=== Problem to work on ===
Images should be left out, and everything else in the listing reproduced exactly.

=== Given data ===
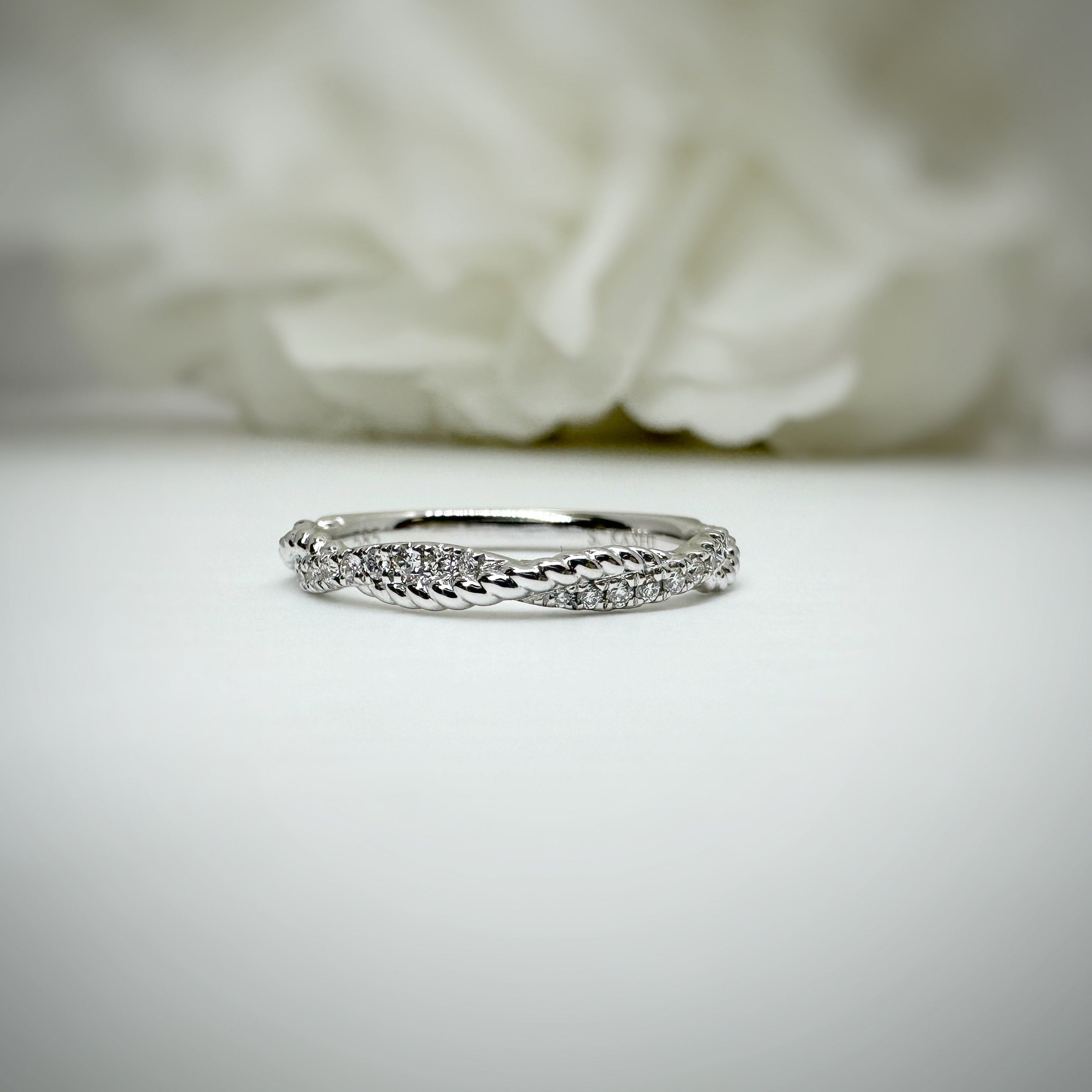 Braided Diamond Wedding Band 14k White Gold TompkinsJewellers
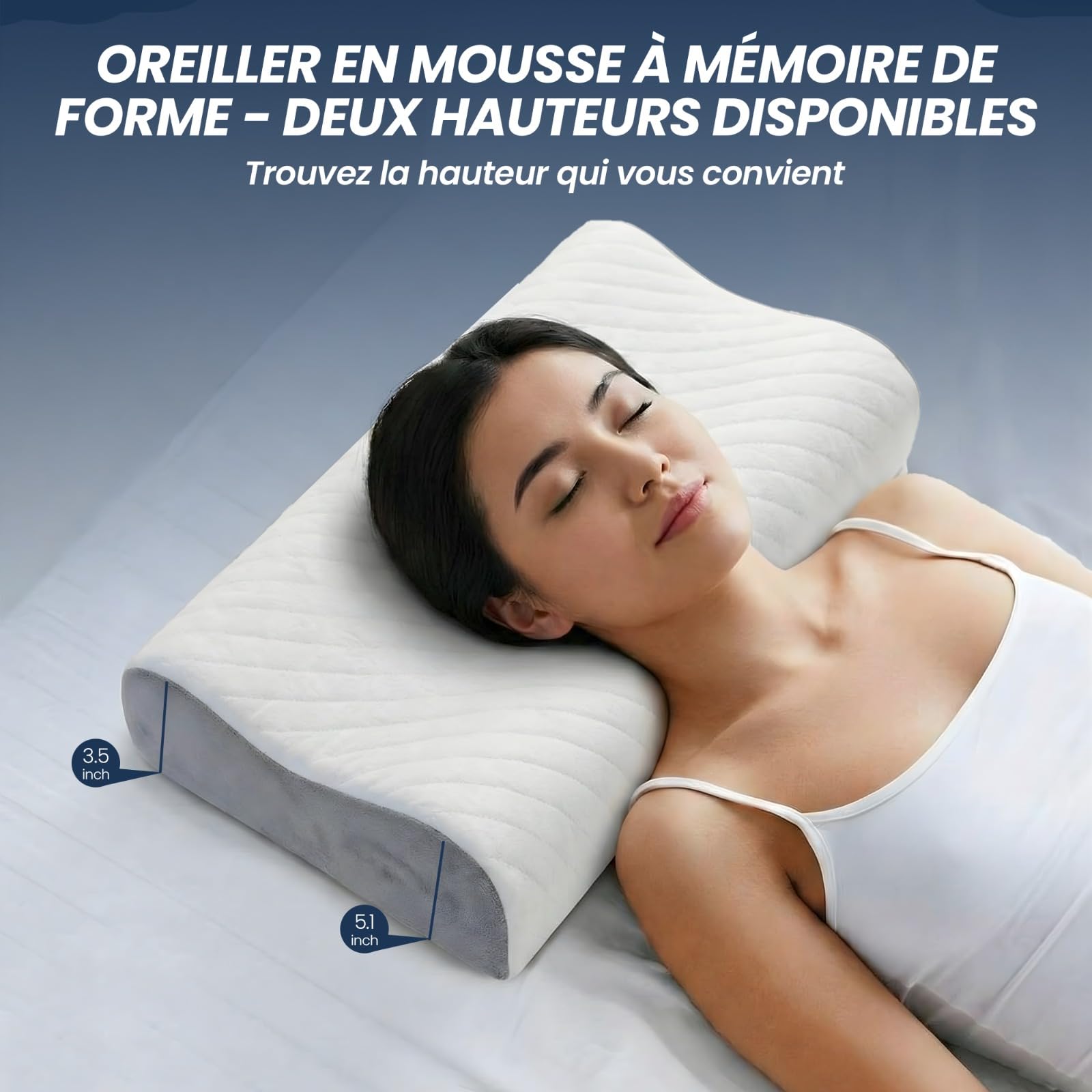 Oreiller Ergonomique Cervical à Mémoire de Forme, Coussin Orthopédique pour Nuque 60x35cm, Oreiller Anti Ronflement pour Dormeurs Dos Côté Ventre, Housse Amovible Lavable en Machine à 40°C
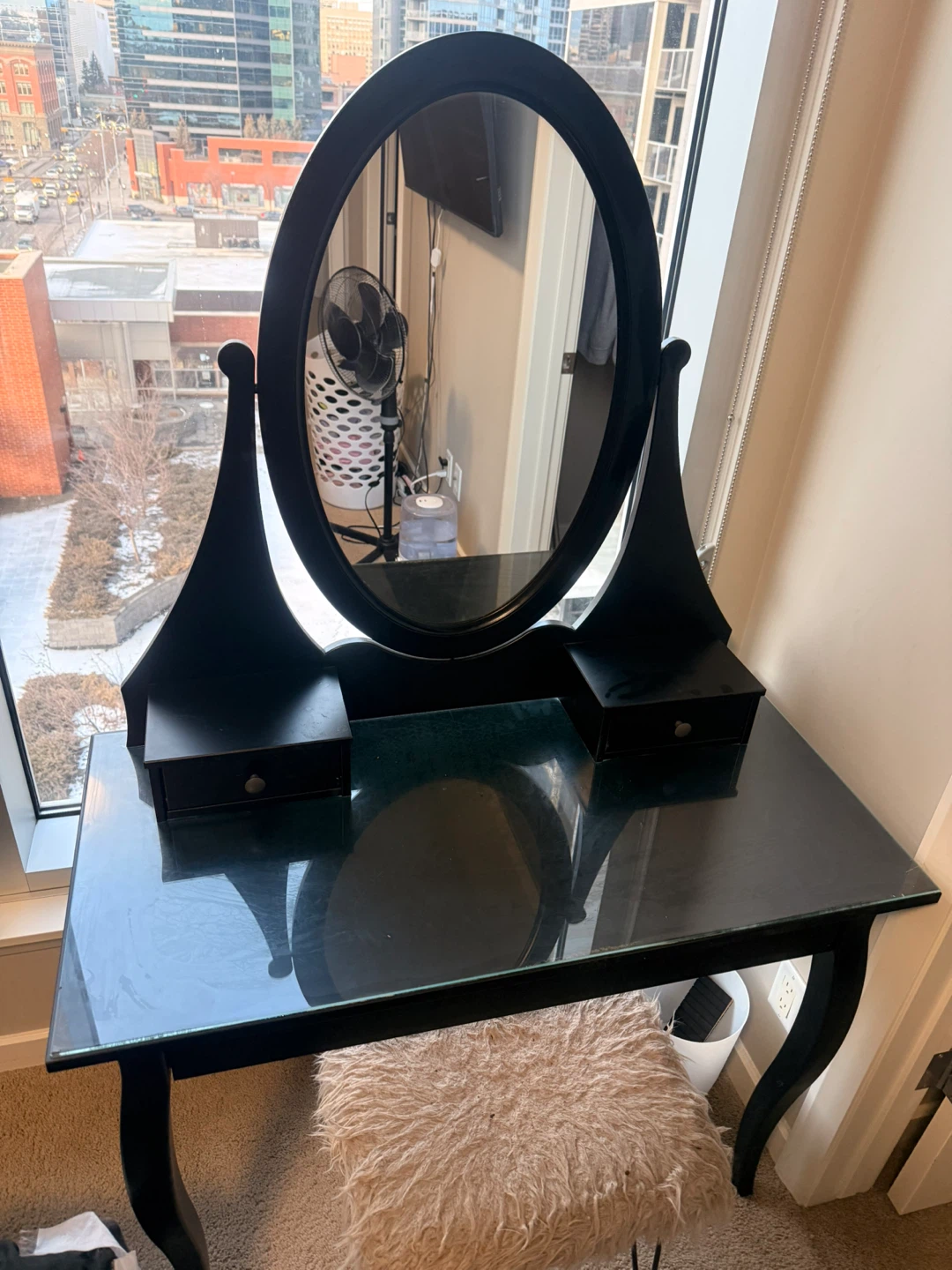 Black Vanity Table with Mirror and Stool - photo 3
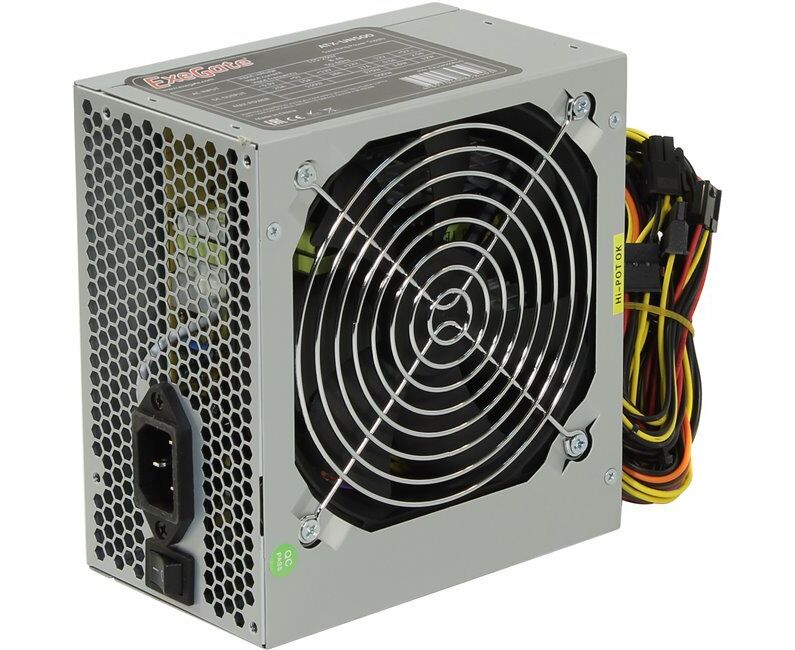 Блок питания Exegate EX244555 RUS UN500, ATX, 12cm fan, 24+4pin, 6pin PCI-E, 3x SATA, 1x FDD, 2x IDE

=== Answer for this exercise ===
 Braided Diamond Wedding Band 14k White Gold TompkinsJewellers
 Oreiller Ergonomique Cervical à Mémoire de Forme, Coussin Orthopédique pour Nuque 60x35cm, Oreiller Anti Ronflement pour Dormeurs Dos Côté Ventre, Housse Amovible Lavable en Machine à 40°C
 Black Vanity Table with Mirror and Stool - photo 3
 Блок питания Exegate EX244555 RUS UN500, ATX, 12cm fan, 24+4pin, 6pin PCI-E, 3x SATA, 1x FDD, 2x IDE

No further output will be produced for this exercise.